Save the Date!   Saturday, July 11, 2015

Mark your calendars now: The Medill National Security Journalism Initiative and Investigative Reporters & Editors, Inc. announce the Summer 2015 National Security Journalism Data/Watchdog Workshop in Washington, D.C.

We’ll be providing a full day’s worth of intensive, hands-on training that focuses on how to use data, documents and the Internet for security reporting at the local, state and national level. The workshop, featuring trainers from IRE and NICAR, its National Institute for Computer Assisted Reporting, will be hosted by Medill in its Washington, D.C. newsroom at 1325 G St. NW, Suite 730, Washington, DC.

The program is set for Saturday, July 11, and will run from 9 a.m. to 3 p.m., with coffee and bagels for breakfast and sandwiches, chips and drinks for lunch — all for a registration fee of $20. We will cap this event at 35 reporters, so RSVP early by sending an email to tiffany.roberts@northwestern.edu with the subject line Medill/IRE National Security Journalism Data/Watchdog Workshop. Those registered to attend will be sent an update with the exact schedule and more details.

Instructors and speakers will include:

• Steven Rich, the database editor for the investigations unit at The Washington Post. While at The Post, he’s worked on numerous security-related projects, and was a member of the reporting team awarded the Pulitzer Prize for Public Service for NSA revelations. Steven is also a recently elected member of IRE’s Board of Directors and a former staffer there based at IRE headquarters in Missouri.

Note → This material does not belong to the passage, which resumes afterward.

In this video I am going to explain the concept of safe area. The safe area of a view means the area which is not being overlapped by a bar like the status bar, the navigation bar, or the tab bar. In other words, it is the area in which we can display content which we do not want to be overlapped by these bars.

• Aaron Kessler, a reporter for the New York Times based in Washington who has also been an IRE data journalism trainer. He has managed interactive data-driven websites and worked extensively with visualization/development tools such as Javascipt, JQuery, and Bootstrap.

• Ron Nixon, a reporter and data journalism specialist at the New York Times, will focus on how to cover all the law enforcement agencies most people have never heard of – including domestic surveillance TSA VIPR squads, the secret Postal Service Mail Covers Program and railroad police. He will also talk about how to use federal and state open records laws to draft records requests the right way, how to challenge denials and how to keep a steady flow of information coming into the newsroom with FOI.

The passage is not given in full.